Creative Torbay

Creative Torbay / News / Wed 16 Apr 2014

A guide to going beyond wandering around looking at stuff

A guide to going beyond wandering around looking at stuff

On Walking... and Stalking Sebald

A guide to going beyond wandering around looking at stuff
Phil Smith

To get started - choose a foot.

Phil Smith of Wrights & Sites' fame (and otherwise known as Crab Man, Mytho and Anton Vagus) is not the first to walk in the footsteps of W.G. Sebald, whose The Rings of Saturn is an account a walk round Suffolk 20 years ago.

What is remarkable is that Phil's own walk was quite as extraordinary as Sebald's and that he matches Sebald's erudition, originality and humour swathe for swathe.

On one level On Walking... describes an actual, lumbering walk from one incongruous B&B to the next, taking in Dunwich, Lowestoft, Southwold, Covehithe, Orford Ness, Sutton Hoo, Bungay, Halesworth and Rendlesham Forest - with their lost villages, Cold War testing sites, black dogs, white deer and alien trails.

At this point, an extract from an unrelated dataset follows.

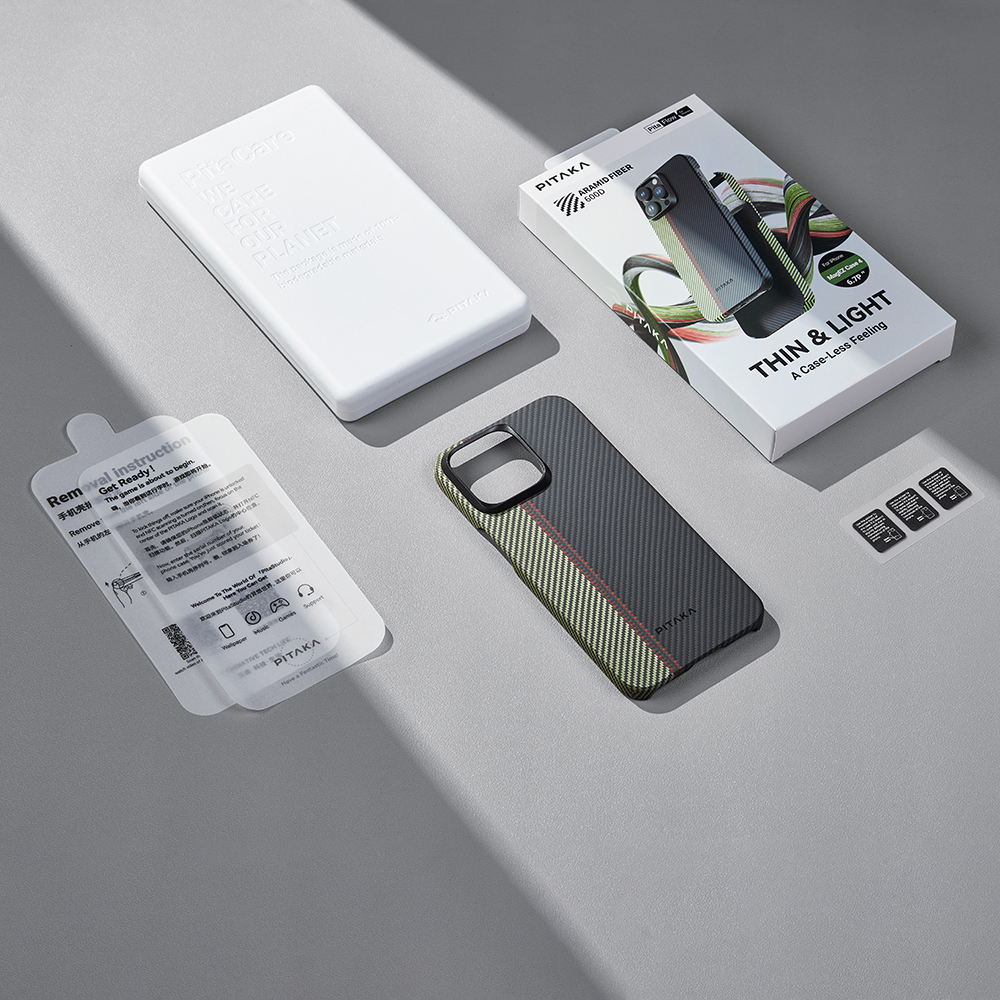 Apple iPhone 15 Pro Max Uyumlu Kılıf Magsafe Şarj Özellikli 600D Aramid Fiber Pitaka Tactile Woven Orchestra Serisi Overture Kapak - 10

On a second level it sets out a kind of walking that the author has been practising for many years and for which he is quietly famous. It's a kind of walking that burrows beneath the guidebook and the map, looks beyond the shopfront and the Tudor facade and feels beneath the blisters and disgruntlement of the everyday. Those who try it report that their walking [and their whole way of seeing the world] is never quite the same again. And the Suffolk walk described in this book is an exemplary walk, a case study - this is exactly how to do it.

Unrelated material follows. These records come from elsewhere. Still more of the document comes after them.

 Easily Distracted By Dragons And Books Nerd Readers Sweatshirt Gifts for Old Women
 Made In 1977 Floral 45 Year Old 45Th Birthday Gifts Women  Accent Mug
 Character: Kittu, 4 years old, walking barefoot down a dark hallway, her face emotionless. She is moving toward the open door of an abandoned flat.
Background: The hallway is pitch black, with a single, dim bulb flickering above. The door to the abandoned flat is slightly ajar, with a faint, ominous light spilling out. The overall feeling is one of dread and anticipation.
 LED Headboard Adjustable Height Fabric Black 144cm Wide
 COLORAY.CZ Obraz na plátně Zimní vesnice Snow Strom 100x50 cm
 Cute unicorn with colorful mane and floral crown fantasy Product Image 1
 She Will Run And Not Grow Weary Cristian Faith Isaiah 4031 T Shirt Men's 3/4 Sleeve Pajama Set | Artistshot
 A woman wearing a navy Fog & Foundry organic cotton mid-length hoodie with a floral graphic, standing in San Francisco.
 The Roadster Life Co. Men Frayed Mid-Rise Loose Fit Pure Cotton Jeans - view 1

Finally, on a third level, On Walking... is an intellectual tour de force, encompassing Situationism, alchemy, jouissance, dancing, geology, psychogeography, 20th century cinema and old TV, performance, architecture, the nature of grief, pilgrimage, World War II, the Cold War, Uzumaki, pub conversations, synchronicity, somatics and the Underchalk.
As the author says:
"If your walking is part of someone else’s machine, if you have already donated your body, with or without its organs, to routines, chores, necessities and obligations; then walk this way.

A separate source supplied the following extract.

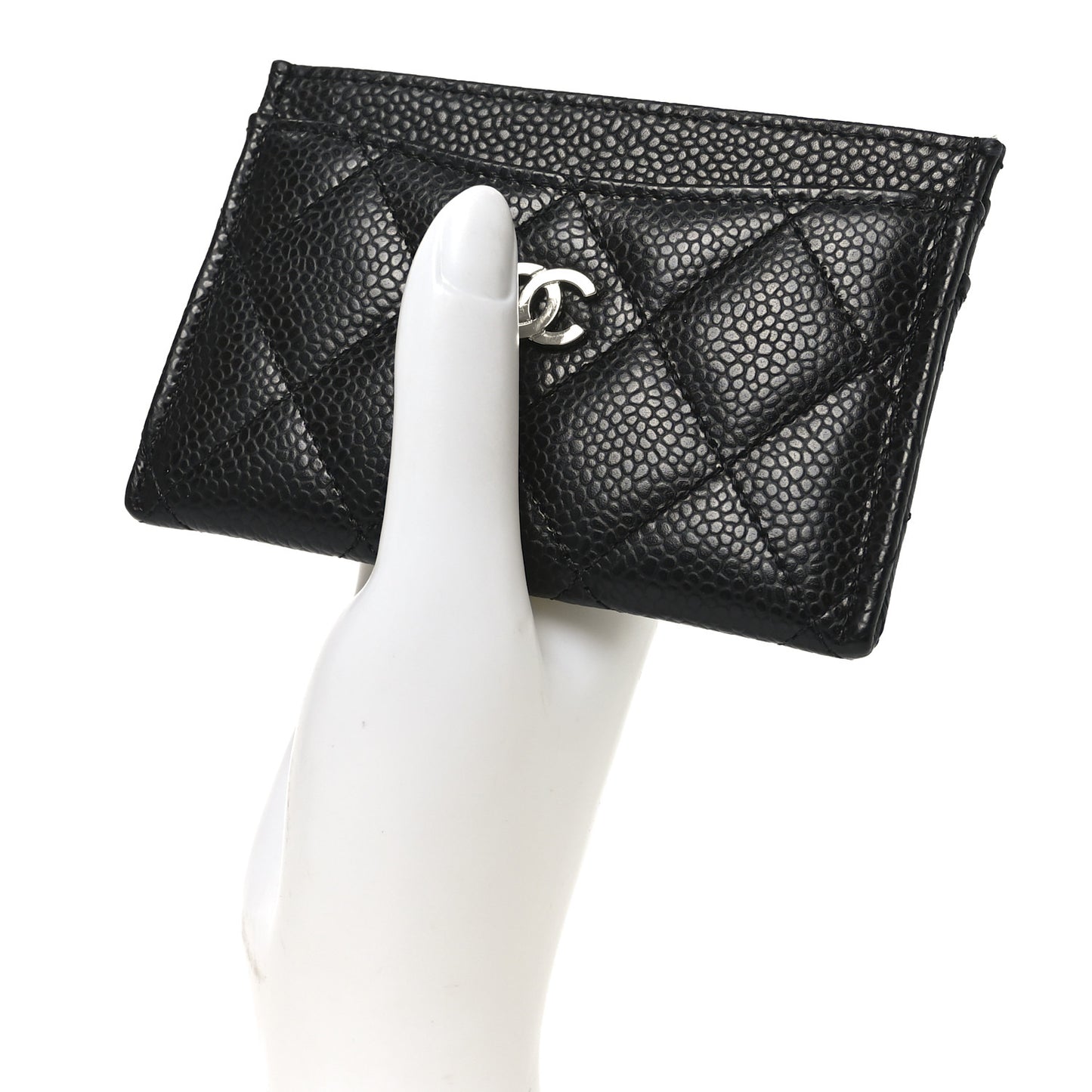 Caviar Quilted Card Holder Black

If, when you do have free time you ‘spend’ it following maps, guidebooks and timetables, travelling to events with fixed locations and start times, keeping to footpaths and off the grass, completing and competing, always knowing where you are going to end up; then walk this way.

For there is a ramble inside the ramble; a shadowy path to be found hidden inside every guidebook (including this one)."
Readership
On Walking... and Stalking Sebald is a book for walkers and ramblers, admirers and decriers of Max Sebald, Situationists and dérivistes, artists and [site-specific] performers who use walking in their work, students who are discovering and studying a world of resistant and aesthetic walking, anyone troubled by official guides to anywhere, geographers, urban explorers and activists who don’t want to drive to the revolution.